No, "trad" is not merely esthetic
The movement is a response to some of the most cosmically significant moral and spiritual issues of our day. Let's not belittle this.
I heard recently that the “trad wife” trend is on its way out.
I found this information rather amusing because it was many years after the movement became a thing that the mainstream decided to pay very much attention to it.
For 10 years, I have been both aligning with and critically examining “trad” culture, a term that can only be applied to a very broad movement of younger people who believe that pre-postmodern values (if you will) were likely better for society than this whole hot mess we’ve got going on around us now.
And I have to confess that despite the very valid concerns that I have always had about certainmindsets within this movement, I’m still more eager to promote it than ever before.

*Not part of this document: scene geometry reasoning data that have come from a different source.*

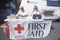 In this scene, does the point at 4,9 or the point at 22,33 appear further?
the point at 4,9

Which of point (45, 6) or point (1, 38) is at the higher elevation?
point (45, 6)

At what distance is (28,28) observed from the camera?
708 cm

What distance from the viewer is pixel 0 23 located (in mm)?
8047

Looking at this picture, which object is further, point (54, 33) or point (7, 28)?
point (54, 33)

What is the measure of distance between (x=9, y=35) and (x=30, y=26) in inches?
18.8

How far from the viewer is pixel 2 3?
8008mm

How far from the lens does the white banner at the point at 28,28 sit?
23.0 feet

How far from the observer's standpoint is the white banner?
7004 millimetres

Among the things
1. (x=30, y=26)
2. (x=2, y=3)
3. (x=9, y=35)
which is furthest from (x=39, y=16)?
(x=2, y=3)

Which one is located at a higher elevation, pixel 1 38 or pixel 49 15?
pixel 49 15

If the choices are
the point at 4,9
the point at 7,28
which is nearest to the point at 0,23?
the point at 4,9

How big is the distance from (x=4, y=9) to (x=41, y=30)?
1.30 m

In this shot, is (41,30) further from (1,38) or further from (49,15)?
(1,38)

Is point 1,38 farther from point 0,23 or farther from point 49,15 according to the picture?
point 49,15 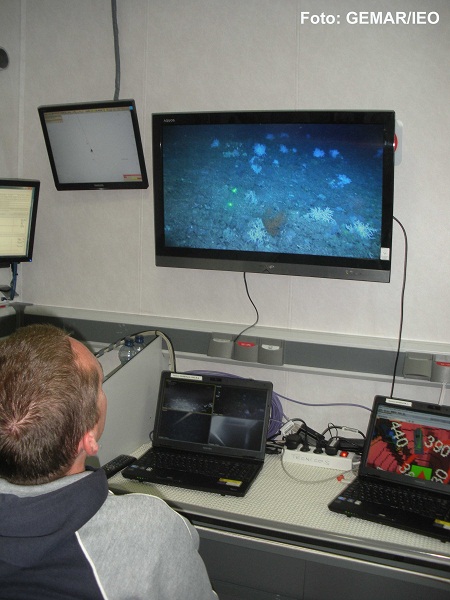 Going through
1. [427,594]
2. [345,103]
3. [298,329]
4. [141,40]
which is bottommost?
[427,594]

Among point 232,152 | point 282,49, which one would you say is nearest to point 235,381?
point 232,152

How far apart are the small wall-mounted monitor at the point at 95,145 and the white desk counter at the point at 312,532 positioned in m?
1.30

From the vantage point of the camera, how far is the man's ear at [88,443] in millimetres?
1073

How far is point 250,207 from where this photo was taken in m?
2.32

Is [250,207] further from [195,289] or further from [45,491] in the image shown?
[45,491]

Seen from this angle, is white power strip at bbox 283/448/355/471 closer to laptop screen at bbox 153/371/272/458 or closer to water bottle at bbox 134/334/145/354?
laptop screen at bbox 153/371/272/458

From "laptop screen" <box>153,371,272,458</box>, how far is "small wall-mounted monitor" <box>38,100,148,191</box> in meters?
0.94

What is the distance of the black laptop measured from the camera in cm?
206

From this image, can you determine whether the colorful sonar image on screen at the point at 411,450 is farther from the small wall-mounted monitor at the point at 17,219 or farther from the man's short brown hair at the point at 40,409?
the small wall-mounted monitor at the point at 17,219

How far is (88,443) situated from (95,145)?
5.95 ft

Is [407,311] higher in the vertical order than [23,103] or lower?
lower

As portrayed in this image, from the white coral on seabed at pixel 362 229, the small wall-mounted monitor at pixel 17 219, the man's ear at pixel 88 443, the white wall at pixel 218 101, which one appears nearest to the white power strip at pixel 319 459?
the white wall at pixel 218 101

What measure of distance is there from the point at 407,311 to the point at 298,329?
44 centimetres

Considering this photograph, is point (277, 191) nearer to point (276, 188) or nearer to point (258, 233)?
point (276, 188) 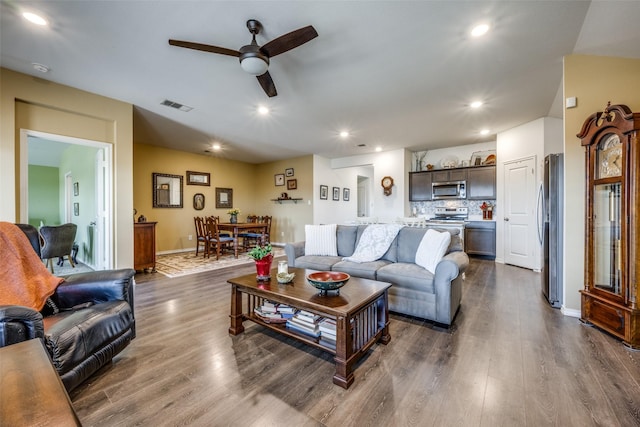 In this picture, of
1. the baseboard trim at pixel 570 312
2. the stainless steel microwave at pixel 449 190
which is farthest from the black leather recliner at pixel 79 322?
the stainless steel microwave at pixel 449 190

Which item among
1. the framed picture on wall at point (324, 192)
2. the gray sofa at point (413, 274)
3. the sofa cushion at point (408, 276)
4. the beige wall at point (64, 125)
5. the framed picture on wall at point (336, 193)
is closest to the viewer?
the gray sofa at point (413, 274)

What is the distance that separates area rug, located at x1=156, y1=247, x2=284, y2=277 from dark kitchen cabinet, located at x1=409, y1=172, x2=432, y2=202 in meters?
3.66

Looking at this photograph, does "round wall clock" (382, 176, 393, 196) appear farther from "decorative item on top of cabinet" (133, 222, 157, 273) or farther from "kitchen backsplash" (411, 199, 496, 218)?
"decorative item on top of cabinet" (133, 222, 157, 273)

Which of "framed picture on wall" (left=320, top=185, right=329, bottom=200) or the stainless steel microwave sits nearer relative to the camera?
the stainless steel microwave

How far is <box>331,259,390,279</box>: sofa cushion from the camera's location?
2.76 m

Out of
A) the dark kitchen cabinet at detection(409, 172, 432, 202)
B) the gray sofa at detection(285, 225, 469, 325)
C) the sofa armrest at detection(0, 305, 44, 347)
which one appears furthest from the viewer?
the dark kitchen cabinet at detection(409, 172, 432, 202)

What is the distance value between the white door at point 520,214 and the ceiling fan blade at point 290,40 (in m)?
4.61

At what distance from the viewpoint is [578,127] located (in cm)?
263

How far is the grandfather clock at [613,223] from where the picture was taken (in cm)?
205

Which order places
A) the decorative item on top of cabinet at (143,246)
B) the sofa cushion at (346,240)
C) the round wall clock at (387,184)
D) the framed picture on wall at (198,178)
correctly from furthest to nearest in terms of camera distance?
the framed picture on wall at (198,178) < the round wall clock at (387,184) < the decorative item on top of cabinet at (143,246) < the sofa cushion at (346,240)

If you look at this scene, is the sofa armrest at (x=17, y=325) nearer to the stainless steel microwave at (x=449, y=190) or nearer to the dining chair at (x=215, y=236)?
the dining chair at (x=215, y=236)

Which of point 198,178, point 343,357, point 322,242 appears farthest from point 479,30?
point 198,178

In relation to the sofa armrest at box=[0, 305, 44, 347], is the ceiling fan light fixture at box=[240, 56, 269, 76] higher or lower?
higher

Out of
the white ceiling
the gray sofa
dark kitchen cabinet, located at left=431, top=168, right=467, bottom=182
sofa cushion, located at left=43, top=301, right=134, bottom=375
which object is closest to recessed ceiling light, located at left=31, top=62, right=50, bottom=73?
the white ceiling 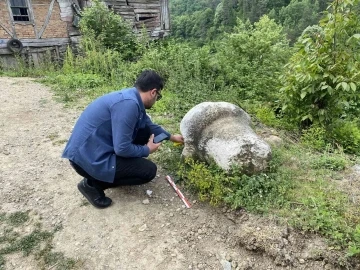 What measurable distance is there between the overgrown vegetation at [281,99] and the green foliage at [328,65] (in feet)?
0.04

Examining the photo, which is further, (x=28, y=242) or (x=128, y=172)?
(x=128, y=172)

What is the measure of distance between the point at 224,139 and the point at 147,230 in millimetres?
1177

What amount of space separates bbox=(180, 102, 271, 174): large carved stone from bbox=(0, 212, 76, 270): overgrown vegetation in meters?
1.61

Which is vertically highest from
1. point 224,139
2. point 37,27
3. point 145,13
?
point 145,13

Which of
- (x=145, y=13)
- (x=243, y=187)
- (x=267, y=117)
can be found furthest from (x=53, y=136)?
(x=145, y=13)

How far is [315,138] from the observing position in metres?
3.94

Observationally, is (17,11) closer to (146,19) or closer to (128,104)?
(146,19)

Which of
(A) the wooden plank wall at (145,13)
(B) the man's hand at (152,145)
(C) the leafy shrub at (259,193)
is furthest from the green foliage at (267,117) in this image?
(A) the wooden plank wall at (145,13)

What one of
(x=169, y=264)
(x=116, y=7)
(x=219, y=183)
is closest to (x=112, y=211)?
(x=169, y=264)

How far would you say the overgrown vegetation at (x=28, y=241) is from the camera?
2.26m

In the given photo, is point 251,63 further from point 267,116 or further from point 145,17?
point 145,17

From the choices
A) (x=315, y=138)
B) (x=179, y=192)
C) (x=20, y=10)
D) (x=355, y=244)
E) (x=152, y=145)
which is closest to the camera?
(x=355, y=244)

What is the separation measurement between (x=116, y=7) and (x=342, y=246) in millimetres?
11729

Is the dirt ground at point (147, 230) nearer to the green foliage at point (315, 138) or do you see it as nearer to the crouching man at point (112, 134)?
the crouching man at point (112, 134) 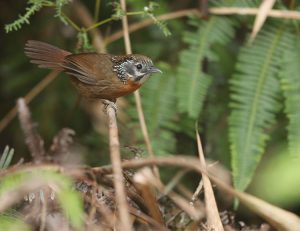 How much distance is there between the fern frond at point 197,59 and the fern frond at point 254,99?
7.3 inches

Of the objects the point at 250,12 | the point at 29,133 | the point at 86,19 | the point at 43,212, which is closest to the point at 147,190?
the point at 43,212

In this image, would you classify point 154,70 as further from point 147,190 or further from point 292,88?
point 147,190

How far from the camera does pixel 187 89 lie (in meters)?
3.74

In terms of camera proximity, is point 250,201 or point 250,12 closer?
point 250,201

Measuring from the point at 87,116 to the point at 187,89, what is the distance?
4.76 ft

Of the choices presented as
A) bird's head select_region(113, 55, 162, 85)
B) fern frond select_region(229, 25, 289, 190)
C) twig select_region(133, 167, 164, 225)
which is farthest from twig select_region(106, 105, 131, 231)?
bird's head select_region(113, 55, 162, 85)

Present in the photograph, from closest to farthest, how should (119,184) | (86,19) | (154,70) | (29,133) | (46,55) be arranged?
(119,184), (29,133), (46,55), (154,70), (86,19)

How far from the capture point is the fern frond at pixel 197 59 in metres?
3.71

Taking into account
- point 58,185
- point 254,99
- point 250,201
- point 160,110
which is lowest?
point 160,110

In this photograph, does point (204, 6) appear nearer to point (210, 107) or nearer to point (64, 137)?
point (210, 107)

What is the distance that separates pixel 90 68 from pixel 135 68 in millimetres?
312

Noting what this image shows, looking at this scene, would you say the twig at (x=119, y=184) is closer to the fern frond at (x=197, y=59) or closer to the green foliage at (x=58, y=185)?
the green foliage at (x=58, y=185)

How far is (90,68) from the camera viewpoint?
12.3ft

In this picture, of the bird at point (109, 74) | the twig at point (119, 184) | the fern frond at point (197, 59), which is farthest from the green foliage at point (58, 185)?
the fern frond at point (197, 59) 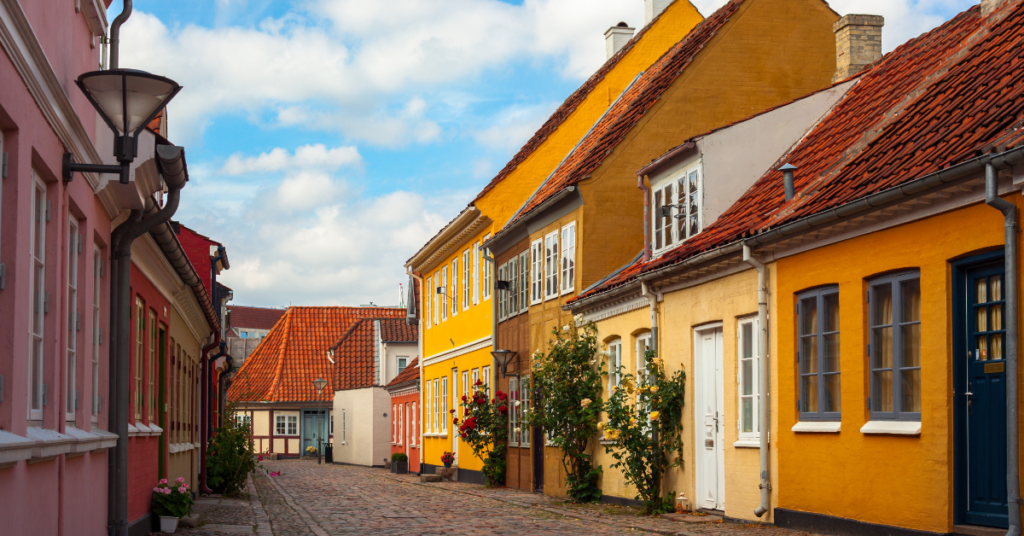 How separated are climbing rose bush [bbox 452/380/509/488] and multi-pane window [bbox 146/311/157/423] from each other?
1072 centimetres

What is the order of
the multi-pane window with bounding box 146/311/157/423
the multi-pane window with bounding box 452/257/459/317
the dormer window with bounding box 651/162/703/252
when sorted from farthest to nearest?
the multi-pane window with bounding box 452/257/459/317, the dormer window with bounding box 651/162/703/252, the multi-pane window with bounding box 146/311/157/423

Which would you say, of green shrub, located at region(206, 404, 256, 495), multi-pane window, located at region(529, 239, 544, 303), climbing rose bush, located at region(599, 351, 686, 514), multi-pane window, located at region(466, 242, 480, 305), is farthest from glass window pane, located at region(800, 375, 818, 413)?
multi-pane window, located at region(466, 242, 480, 305)

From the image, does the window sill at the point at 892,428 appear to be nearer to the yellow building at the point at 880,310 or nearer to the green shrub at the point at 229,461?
the yellow building at the point at 880,310

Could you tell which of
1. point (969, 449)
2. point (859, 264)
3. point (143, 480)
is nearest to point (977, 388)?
point (969, 449)

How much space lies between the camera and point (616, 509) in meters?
16.1

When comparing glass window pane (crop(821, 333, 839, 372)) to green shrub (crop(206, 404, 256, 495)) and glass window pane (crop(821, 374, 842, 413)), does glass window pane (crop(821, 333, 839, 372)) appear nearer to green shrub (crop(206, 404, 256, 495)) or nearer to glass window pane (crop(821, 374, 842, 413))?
glass window pane (crop(821, 374, 842, 413))

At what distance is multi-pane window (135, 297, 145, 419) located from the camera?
40.5 ft

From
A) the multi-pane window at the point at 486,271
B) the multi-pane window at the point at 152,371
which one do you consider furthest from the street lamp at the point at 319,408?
the multi-pane window at the point at 152,371

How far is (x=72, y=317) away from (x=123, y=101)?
1.88 m

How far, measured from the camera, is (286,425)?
170 ft

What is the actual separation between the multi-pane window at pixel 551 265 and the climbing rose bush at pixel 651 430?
5.26 meters

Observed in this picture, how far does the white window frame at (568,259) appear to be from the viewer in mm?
19828

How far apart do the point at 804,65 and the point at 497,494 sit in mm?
9471

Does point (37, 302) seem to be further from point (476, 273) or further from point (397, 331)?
point (397, 331) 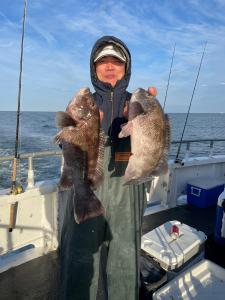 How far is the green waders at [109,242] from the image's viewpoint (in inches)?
112

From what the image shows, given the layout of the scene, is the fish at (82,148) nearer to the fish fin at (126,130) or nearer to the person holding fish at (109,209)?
the fish fin at (126,130)

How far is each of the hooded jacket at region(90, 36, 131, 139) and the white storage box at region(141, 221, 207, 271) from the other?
7.10 ft

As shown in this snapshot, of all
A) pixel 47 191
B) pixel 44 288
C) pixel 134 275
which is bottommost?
pixel 44 288

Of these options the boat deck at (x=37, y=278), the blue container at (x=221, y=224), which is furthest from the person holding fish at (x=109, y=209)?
the blue container at (x=221, y=224)

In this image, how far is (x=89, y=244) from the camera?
2.84 metres

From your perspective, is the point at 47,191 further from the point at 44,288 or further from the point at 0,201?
the point at 44,288

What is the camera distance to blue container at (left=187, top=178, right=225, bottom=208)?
704cm

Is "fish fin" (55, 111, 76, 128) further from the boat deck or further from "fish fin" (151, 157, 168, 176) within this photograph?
the boat deck

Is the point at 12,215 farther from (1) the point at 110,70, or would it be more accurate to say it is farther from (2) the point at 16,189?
(1) the point at 110,70

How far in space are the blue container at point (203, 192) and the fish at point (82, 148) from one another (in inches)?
201

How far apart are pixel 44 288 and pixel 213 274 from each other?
2.21m

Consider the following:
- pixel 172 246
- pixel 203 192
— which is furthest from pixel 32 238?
pixel 203 192

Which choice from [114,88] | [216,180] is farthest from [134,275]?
[216,180]

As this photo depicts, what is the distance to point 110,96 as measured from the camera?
9.45 ft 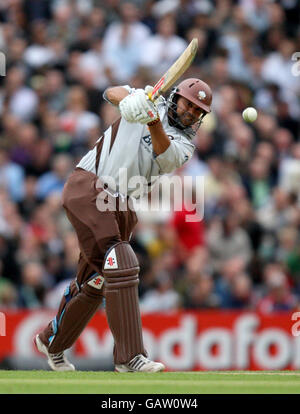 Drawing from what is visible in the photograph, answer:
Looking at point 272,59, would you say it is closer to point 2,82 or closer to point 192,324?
point 2,82

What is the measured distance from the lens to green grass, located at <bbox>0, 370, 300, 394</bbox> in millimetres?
5281

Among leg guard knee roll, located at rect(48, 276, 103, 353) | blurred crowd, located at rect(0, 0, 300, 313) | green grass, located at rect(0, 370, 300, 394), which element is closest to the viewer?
green grass, located at rect(0, 370, 300, 394)

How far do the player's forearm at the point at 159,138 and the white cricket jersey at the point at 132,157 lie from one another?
0.19 m

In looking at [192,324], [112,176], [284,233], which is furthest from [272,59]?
[112,176]

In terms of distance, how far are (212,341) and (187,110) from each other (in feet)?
13.2

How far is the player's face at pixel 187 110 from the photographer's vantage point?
660 centimetres

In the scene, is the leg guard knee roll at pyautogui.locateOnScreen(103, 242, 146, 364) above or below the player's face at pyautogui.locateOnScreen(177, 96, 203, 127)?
below

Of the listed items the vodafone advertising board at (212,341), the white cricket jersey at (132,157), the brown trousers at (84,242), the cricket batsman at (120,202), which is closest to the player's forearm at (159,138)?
the cricket batsman at (120,202)

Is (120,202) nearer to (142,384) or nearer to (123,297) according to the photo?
(123,297)

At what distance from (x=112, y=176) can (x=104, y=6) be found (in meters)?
7.61

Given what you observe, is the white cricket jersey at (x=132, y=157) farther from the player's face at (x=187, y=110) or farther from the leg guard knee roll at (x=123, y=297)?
the leg guard knee roll at (x=123, y=297)

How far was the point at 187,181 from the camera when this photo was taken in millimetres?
11312

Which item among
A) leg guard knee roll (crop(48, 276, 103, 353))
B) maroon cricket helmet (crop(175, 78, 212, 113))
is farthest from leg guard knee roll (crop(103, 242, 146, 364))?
maroon cricket helmet (crop(175, 78, 212, 113))

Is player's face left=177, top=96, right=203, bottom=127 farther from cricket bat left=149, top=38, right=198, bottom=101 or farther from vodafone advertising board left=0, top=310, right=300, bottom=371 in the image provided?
vodafone advertising board left=0, top=310, right=300, bottom=371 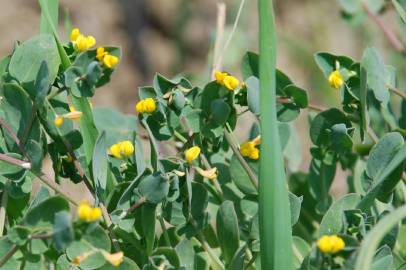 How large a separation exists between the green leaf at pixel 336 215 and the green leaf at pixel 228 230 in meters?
0.09

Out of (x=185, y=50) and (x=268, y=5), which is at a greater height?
(x=268, y=5)

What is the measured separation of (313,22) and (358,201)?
2.28 m

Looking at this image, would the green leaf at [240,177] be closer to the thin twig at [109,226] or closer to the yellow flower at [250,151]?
the yellow flower at [250,151]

To distort an idea does not mean to undermine its original value, and the macro value and significance of the “trad” movement must not be lost on us now that it’s grown to bigger significance in the modern lexicon.
I also refuse to accept that just because there are some issues with trad culture, this means that the underlying motivation behind the movement is inauthentic or insincere.
Unfortunately, there are indeed a lot of attacks against trad culture that throw the baby out with the bathwater or otherwise sorely miss the mark.
The worst and most prevalent critique I’ve seen is the assumption that trad culture is a mostly esthetic movement involving flowy dresses and sourdough and concerned with things we are meant to believe are merely superficial and can have no deeper significance or meaning to the people whom they are appealing.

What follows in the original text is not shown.